- **Task description**
Among the lines below, a stretch begins at the one with "KARTERY BLOK SILNIKA" and ends at the one with "Nowe oryginalne koła". Repeat that stretch exactly, ends included.

╭─ Data shown

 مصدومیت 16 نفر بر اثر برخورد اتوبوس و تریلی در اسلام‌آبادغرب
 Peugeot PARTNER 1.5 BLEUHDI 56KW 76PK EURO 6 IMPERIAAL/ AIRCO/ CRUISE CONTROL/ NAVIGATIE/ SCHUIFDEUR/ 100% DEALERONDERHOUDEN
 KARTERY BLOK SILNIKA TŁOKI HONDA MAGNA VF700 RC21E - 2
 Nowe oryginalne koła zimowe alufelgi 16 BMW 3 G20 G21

╰─
╭─ Data shown

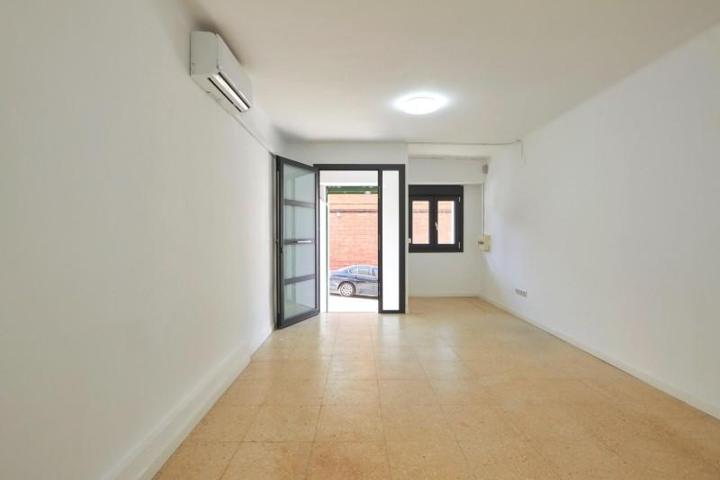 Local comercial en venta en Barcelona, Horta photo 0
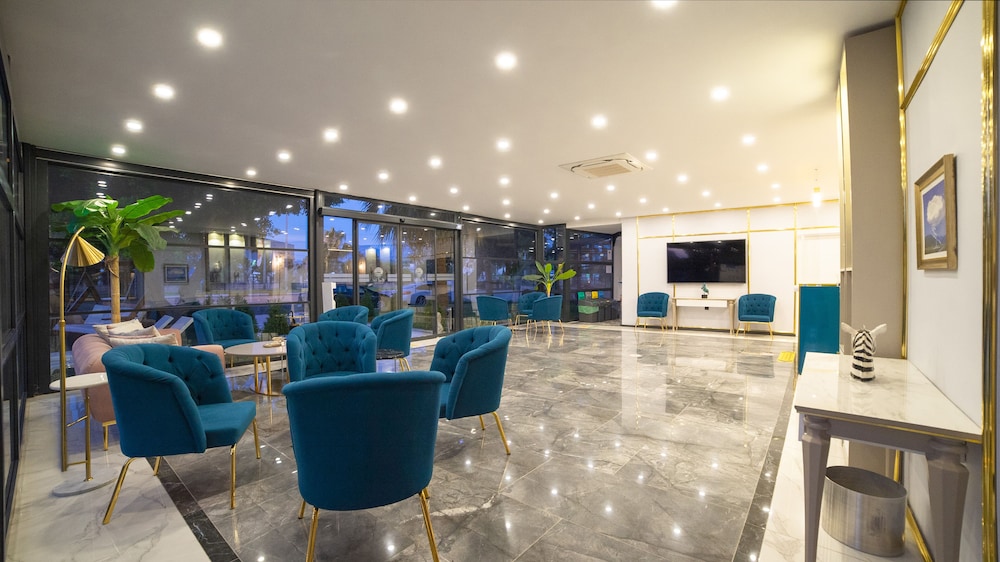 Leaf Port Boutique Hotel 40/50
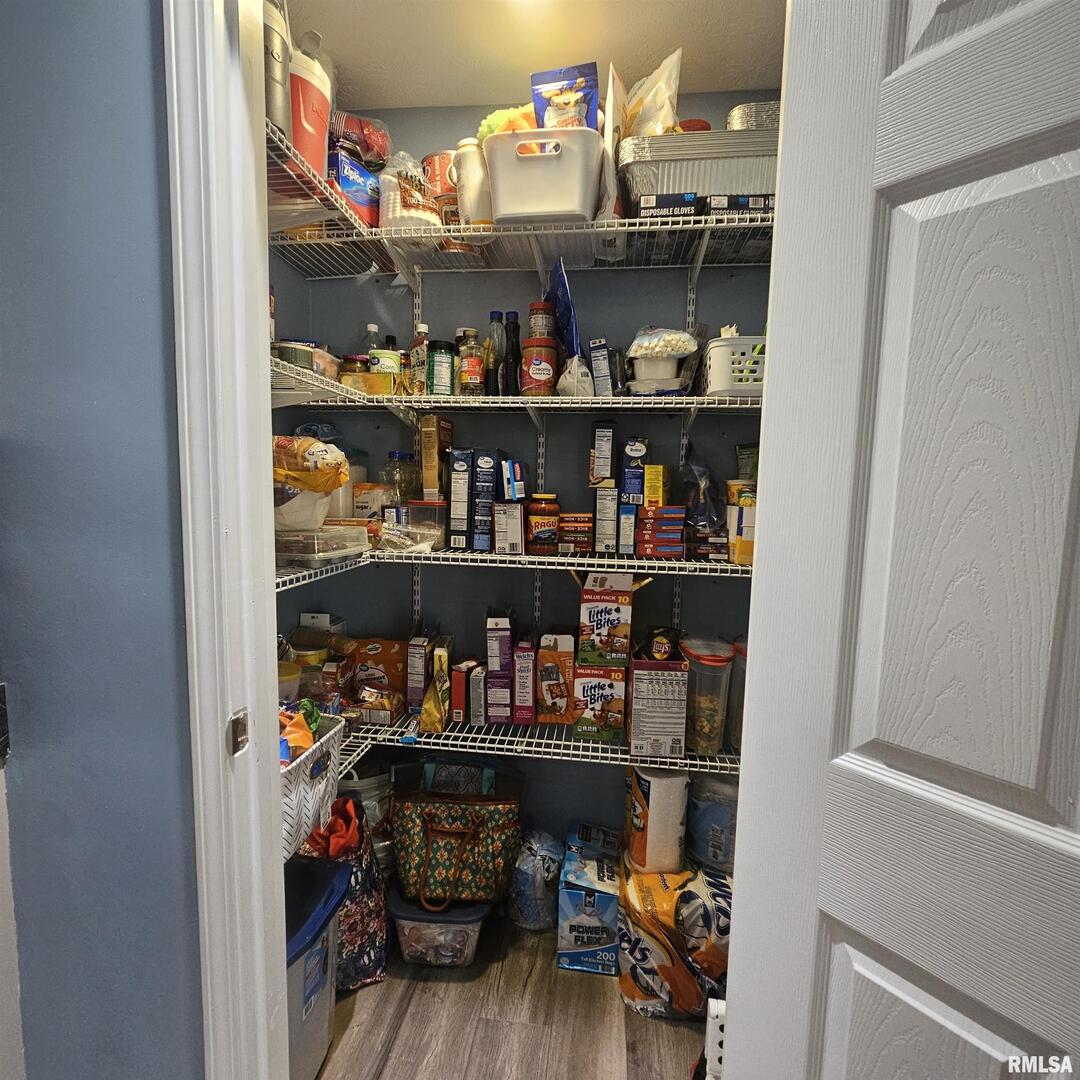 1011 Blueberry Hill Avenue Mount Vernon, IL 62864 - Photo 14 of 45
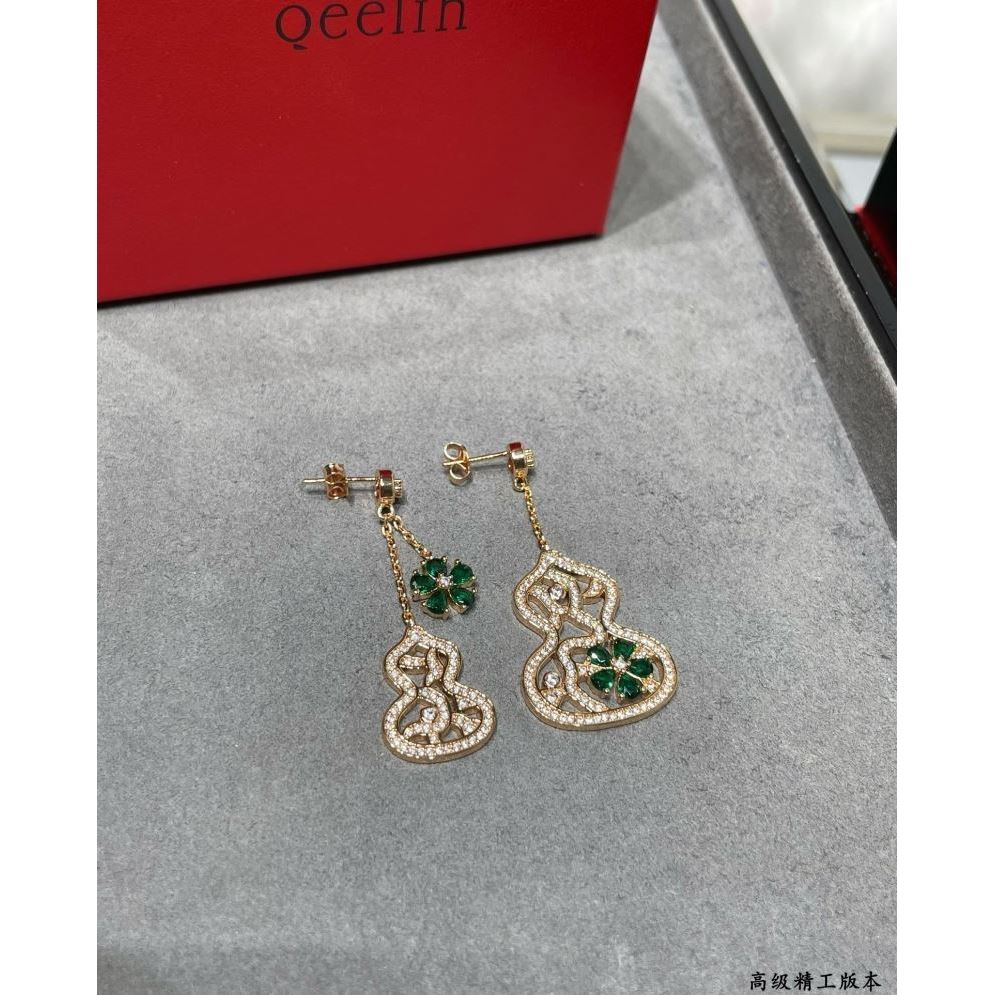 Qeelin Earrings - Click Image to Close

╰─
╭─ Data shown

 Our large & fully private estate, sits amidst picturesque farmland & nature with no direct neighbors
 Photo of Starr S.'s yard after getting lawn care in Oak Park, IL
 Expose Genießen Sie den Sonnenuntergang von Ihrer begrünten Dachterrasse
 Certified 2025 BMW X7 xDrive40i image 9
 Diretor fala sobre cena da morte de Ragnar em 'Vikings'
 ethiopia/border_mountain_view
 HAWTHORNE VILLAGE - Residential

╰─

- **Response to the exercise**
 KARTERY BLOK SILNIKA TŁOKI HONDA MAGNA VF700 RC21E - 2
 Nowe oryginalne koła zimowe alufelgi 16 BMW 3 G20 G21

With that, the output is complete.